Quale attività di indagine hanno condotto, per un anno intero, dal 2005 al 2006? Mistero. Sono stati fermi fin quando non è arrivata la classica "botta di..." rappresentata dall'iniziativa spontanea del De Cillis. Lo stesso Auricchio la definisce una circostanza fortunata nell'udienza del 13 aprile 2010:
Auricchio: La posizione mi ricordo è uno dei pochi dati a sorpresa di questa attività. Un bel giorno il signor De Cillis contatta i Carabinieri di Como e dice "Guardate che sono io il titolare e non mio padre". Siccome aveva visto sui dati pubblicati dai giornali il famoso intestatario, proprio perché contenuto nelle informative, che era il padre, ed allora il figlio si è premurato di dire "Attenzione, non c'entra niente mio padre" e si è recato dai Carabinieri di Como a dare questo input.
E se Teodosio De Cillis non avesse preso l'iniziativa?
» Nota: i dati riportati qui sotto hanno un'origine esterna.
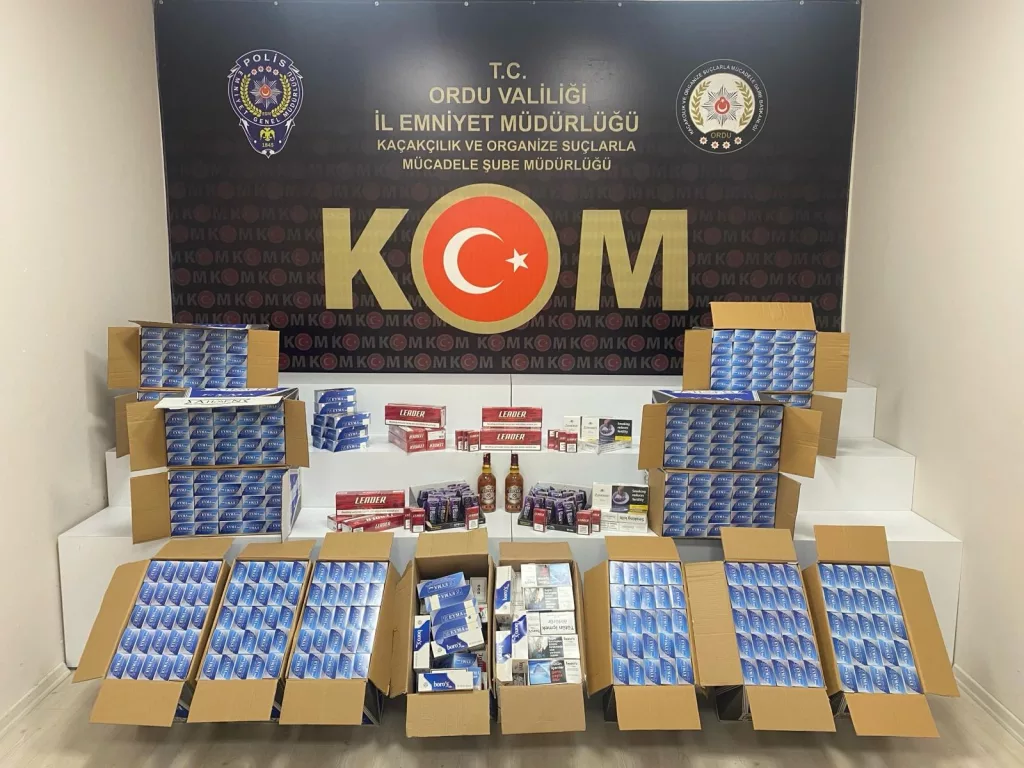 ORDU'DA KAÇAKÇILIK ORERASYONU 3 14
Nel frattempo, tanto per tenere aggiornati quei giornalisti appiattiti sulle tesi dell'accusa che forniscono ai loro lettori/ascoltatori un'informazione "parzialmente scremata", gli arbitri Gabriele e Cassarà sono stati assolti, nonostante Di Laroni abbia attribuito ad entrambi una sim straniera. De Santis ha prove documentali che mettono a dura prova l'attribuzione di una sim straniera definita dallo stesso Di Laroni solo "verosimile", e non certa. L'ingegnere De Falco nella sua deposizione ha messo a fuoco i limiti investigativi dell'attribuzione della sim svizzera a Fabiani e in una recente intervista a Tuttosport è stato molto più esplicito su quello che poteva essere fatto dagli investigatori e non è stato fatto, e sul lavoro di attribuzione: "Di certo è stato utilizzato un metodo grossolano e non sono galileiane le conclusioni... non mi convince niente di questo lavoro... si poteva proprio fare di più, se proprio si credeva al teorema. Io il lavoro di Auricchio proprio non l’ho capito. Avevano a che fare con un materiale eccitante, ma l’equivalenza tra indizio e prova è evidente per quanto emerge in udienza. Hanno fatto tutto da soli. Poi la spinta dell’opinione pubblica ha avuto la meglio".
Lo stesso ingegnere De Falco aveva fatto chiarezza sull'errata informazione, tanto propagandata dai media, che le sim svizzere non fossero intercettabili: sono intercettabili, tanto che gli stessi investigatori intercettano i primi tre numeri scoperti nel febbraio 2005, non rilevano traffico e si fermano lì.
Certo la mancanza di iniziativa nei confronti dell'intestatario di quelle schede non ci sembra un semplice "buco", ma qualcosa di più, di veramente strano, perché chiunque di noi avrebbe proceduto ad interrogare il De Cillis appena possibile, già nel 2005.
La domanda sul perché di quella scelta investigativa potrebbe porla agli investigatori quel giornalista della Gazzetta che con Auricchio e Di Laroni ha buoni rapporti per aver collaborato alle indagini dall'inizio.